Unnamed: 0,Title,Price,Description,Distance,Nearest_Intersection,Bedrooms,Bathrooms,Unit_type,Parking,Size(sqft)
0,7 Unit Apartment Building for Sale!!,120000000.0,"Built in 1985, it contains 7 units, 1x1 bedroo...",5,,,,,,
1,"0 HWY 130 Thunder Bay, Ontario",27790000.0,Oliver Paipoonge Vacant Land! 7.6 Acres locate...,13,,,,,,
2,Room for Rent furnished!!,85000.0,"I have a room for rent furnished with bed, des...",5,,,,,,
3,Room for rent,75000.0,Shared 2 bedroom duplex,4,,,,,,
4,Roommate needed to share a room for female,36700.0,Shared room available for female in 3 Bedroom ...,4,,,,,,
5,"350 Mokomon rd, Kakabeka Falls, ON",74000000.0,Amazing luxurious country living. Newly built ...,33,,,,,,
6,Room for Rent - All Inclusive - Fully Furnished,47500.0,Fully furnished private room in fully furnishe...,3,,,,,,
7,furnished private room 3 minutes to university,79500.0,furnished room for rent asking 795 a month hea...,3,,,,,,
8,room for rent,62500.0,Bedroom for rent in new home westfort parking ...,6,,,,,,
9,"48 JEWELL ST THUNDER BAY, Ontario",34500000.0,Charming Corefloor Home in Sought-After North ...,4,,,,,,


In [47]:


# Function to train model and predict missing values for df2 based on df
def train_and_predict(df, df2, target_col, model_type="regression"):
    # Check if there are missing values in target column in df2
    if df2[target_col].isnull().sum() == 0:
        return  # No missing values to predict

    # Define features (excluding the target column) in df and df2
    features = [col for col in df.columns if col != target_col and pd.api.types.is_numeric_dtype(df[col])]
    
    # Train/test split for complete dataset df
    X_train, X_test, y_train, y_test = train_test_split(
        df[features], df[target_col], test_size=0.2, random_state=42
    )
    
    # Choose model based on target type
    if model_type == "regression":
        model = RandomForestRegressor(n_estimators=100, random_state=42)
    else:  # Classification for categorical features
        model = RandomForestClassifier(n_estimators=100, random_state=42)

    # Train the model
    model.fit(X_train, y_train)
    
    # Predict missing values in df2
    missing_data = df2[df2[target_col].isnull()]
    missing_features = missing_data[features]
    predictions = model.predict(missing_features)
    
    # Fill missing values in df2
    df2.loc[df2[target_col].isnull(), target_col] = predictions

# Apply model training and prediction for each column with missing values in df2
train_and_predict(df, df2, "Price", model_type="regression")
train_and_predict(df, df2, "Distance", model_type="regression")
train_and_predict(df, df2, "Nearest_Intersection", model_type="classification")
train_and_predict(df, df2, "Bedrooms", model_type="regression")
train_and_predict(df, df2, "Bathrooms", model_type="regression")
train_and_predict(df, df2, "Unit_type", model_type="classification")
train_and_predict(df, df2, "Parking", model_type="regression")
train_and_predict(df, df2, "Size(sqft)", model_type="regression")
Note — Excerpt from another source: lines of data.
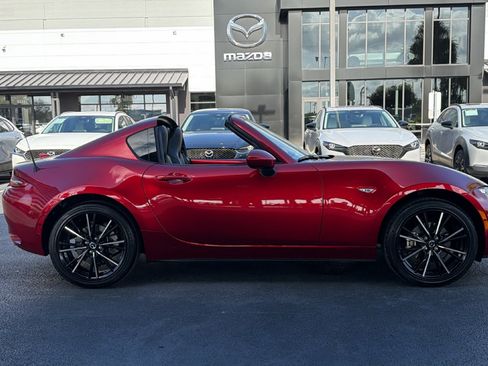Used 2025 MAZDA MX-5 Miata RF Grand Touring RWD image 12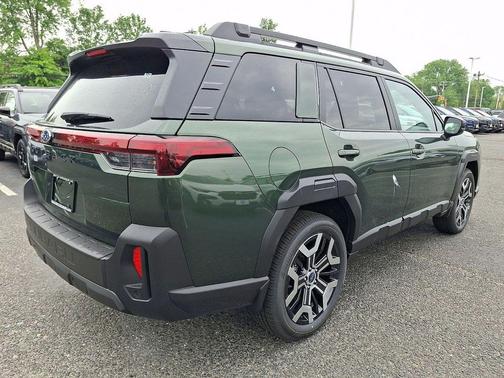 Deep Emerald Green Pearl 2026 Subaru Outback Touring XT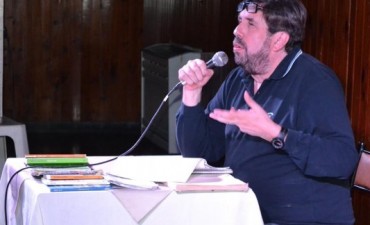 MAS DE 200 PERSONAS DISFRUTARON DEL ESPECTÁCULO DE ALEJANDRO APO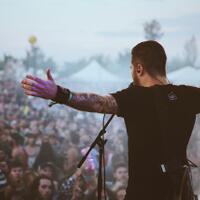 ini-5-artis-atau-band-yang-punya-fans-paling-militan-di-indonesia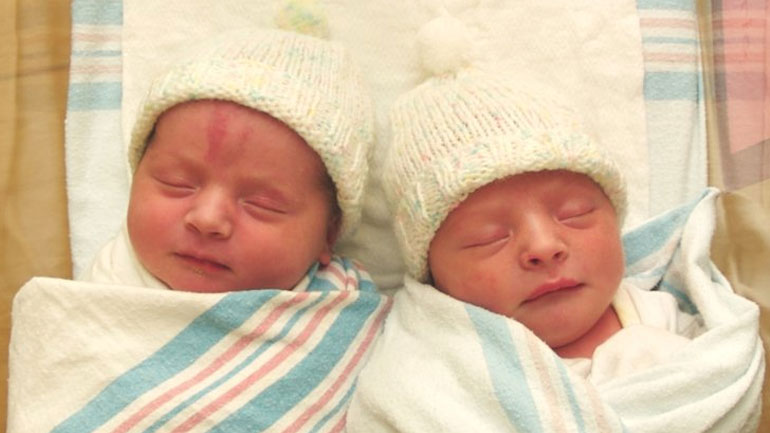 Το μέλλον ενός κοριτσιού επηρεάζεται αρνητικά εάν έχει δίδυμο αδελφό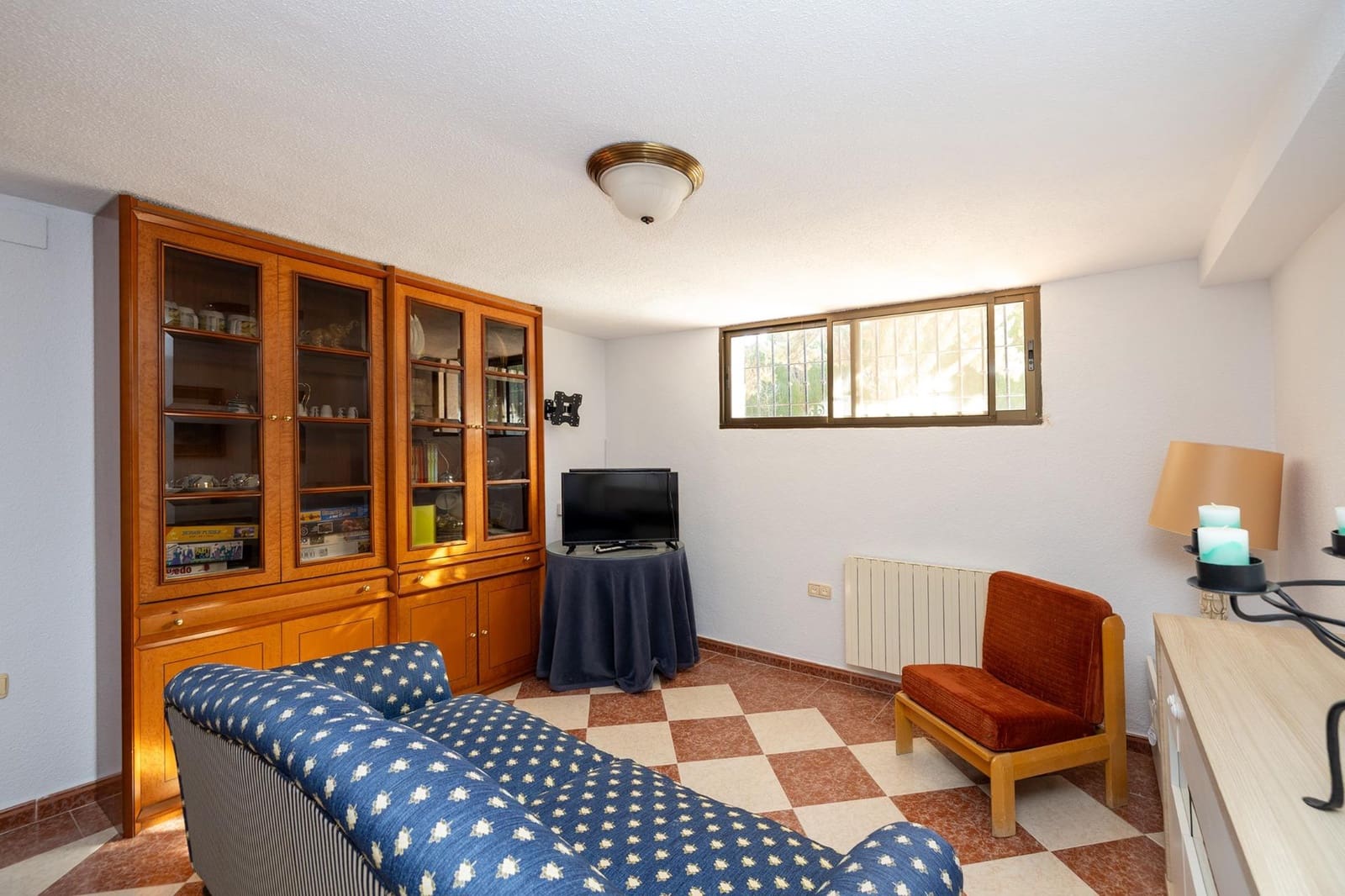 7 slaapkamer Villa te koop in Otura met zwembad garage - € 420.000 (Ref: 9637861)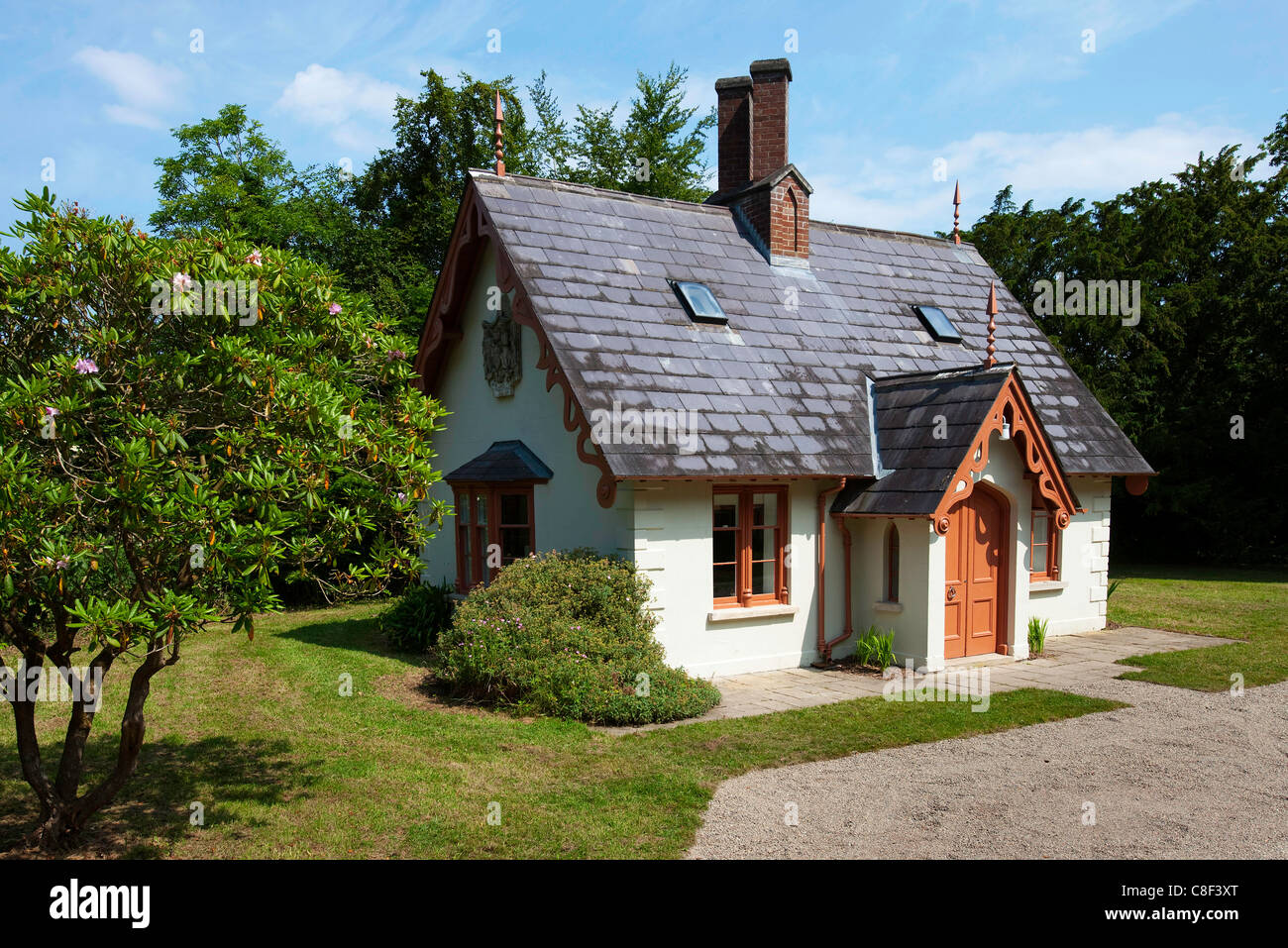Piccolo cottage irlandese situato in un area in legno Foto Stock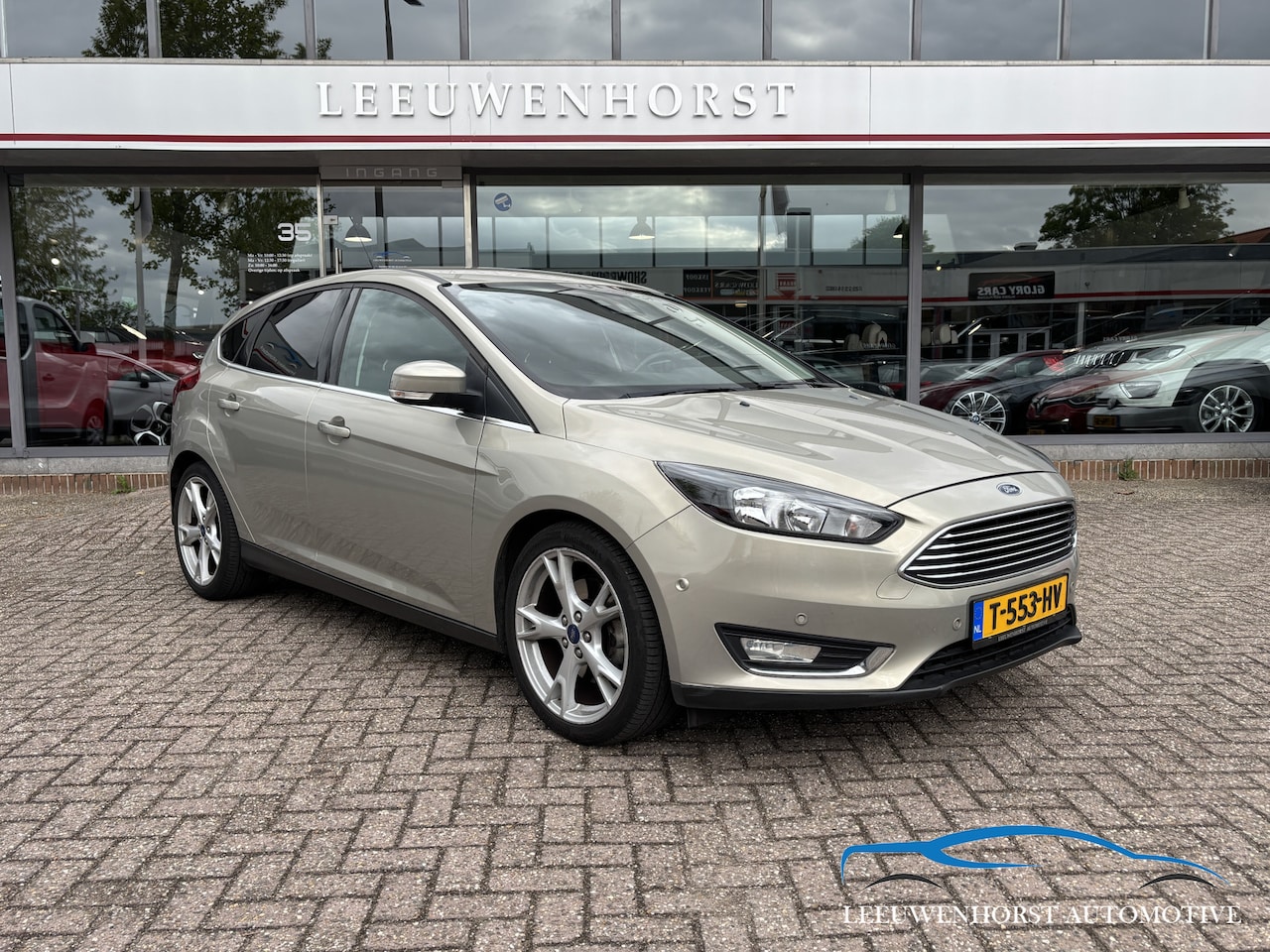 Ford Focus - 1.5 Titanium Edition 1.5 Titanium Edition, camera,  lane warning, 2 x PDC, keyless, unieke kilometerstand - AutoWereld.nl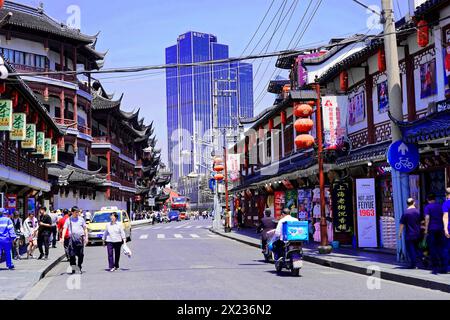 Machen Sie einen Spaziergang durch Shanghai zu den Sehenswürdigkeiten, Shanghai, China, Asien, einem geschäftigen städtischen Straßenabschnitt mit traditionellen Gebäuden und Passanten Stockfoto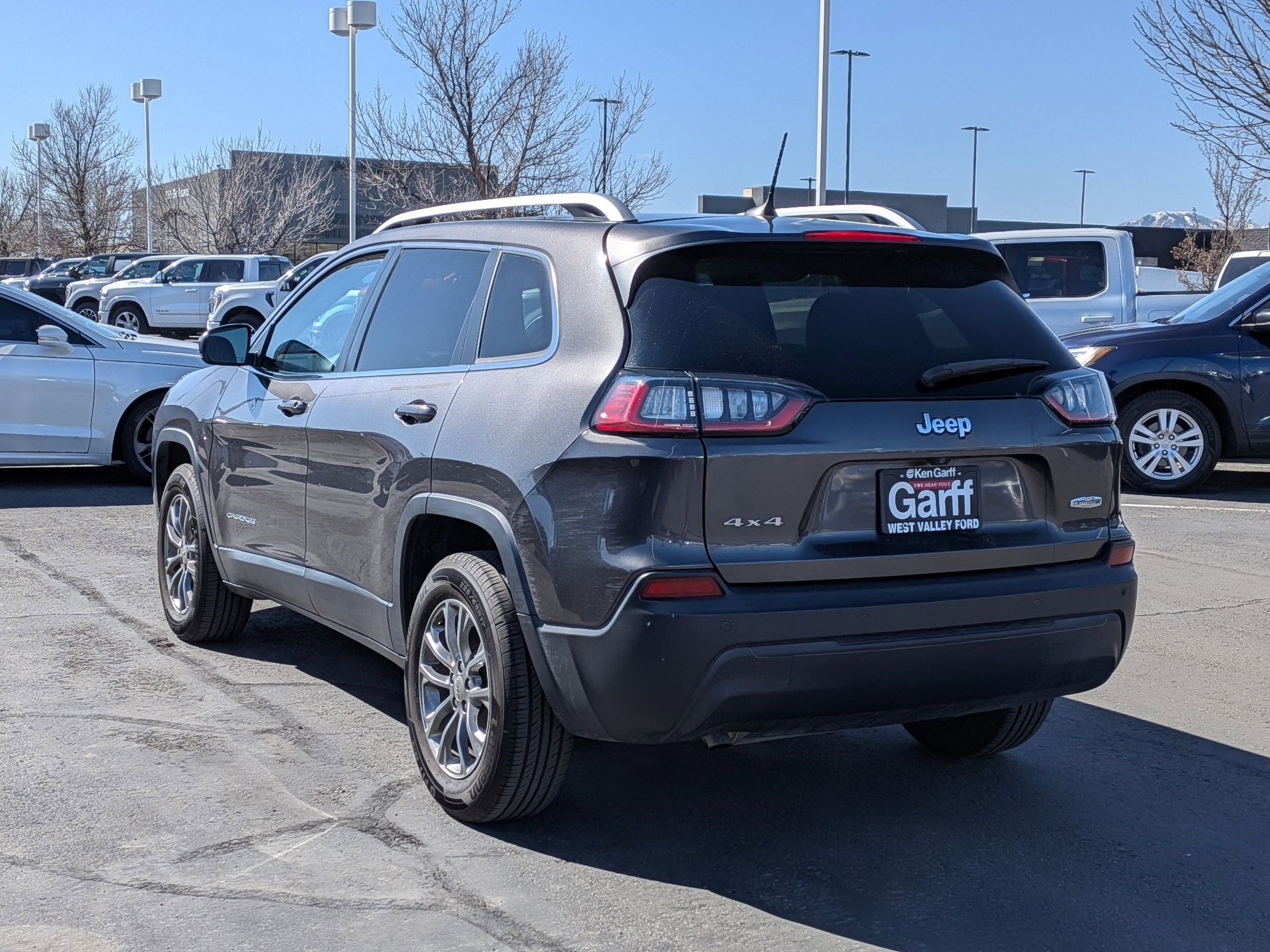 Used 2020 Jeep Cherokee Latitude Plus w/ Cold Weather Group image 8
# Round numeric values correctly
df2["Price"] = df2["Price"].round(2)
df2["Distance"] = df2["Distance"].round(2)
df2["Size(sqft)"] = df2["Size(sqft)"].round(2)

# Ensure integer values for discrete numerical columns
df2["Bedrooms"] = df2["Bedrooms"].round().astype("Int64")  
df2["Bathrooms"] = df2["Bathrooms"].round().astype("Int64")
df2["Parking"] = df2["Parking"].round().astype("Int64")
df2["Size(sqft)"] = (df2["Size(sqft)"] / 50).round() * 50
df2["Size(sqft)"] = df2["Size(sqft)"].astype("Int64")  # Ensures whole numbers

# Save the cleaned and imputed dataset
combined_df = pd.concat([df, df2], ignore_index=True)

# Save the combined dataset
combined_df.to_csv("combined_cleaned_imputed_dataset.csv", index=False)

print("Missing values imputed. Cleaned dataset saved as 'combined_cleaned_imputed_dataset.csv'.")


Missing values imputed. Cleaned dataset saved as 'combined_cleaned_imputed_dataset.csv'.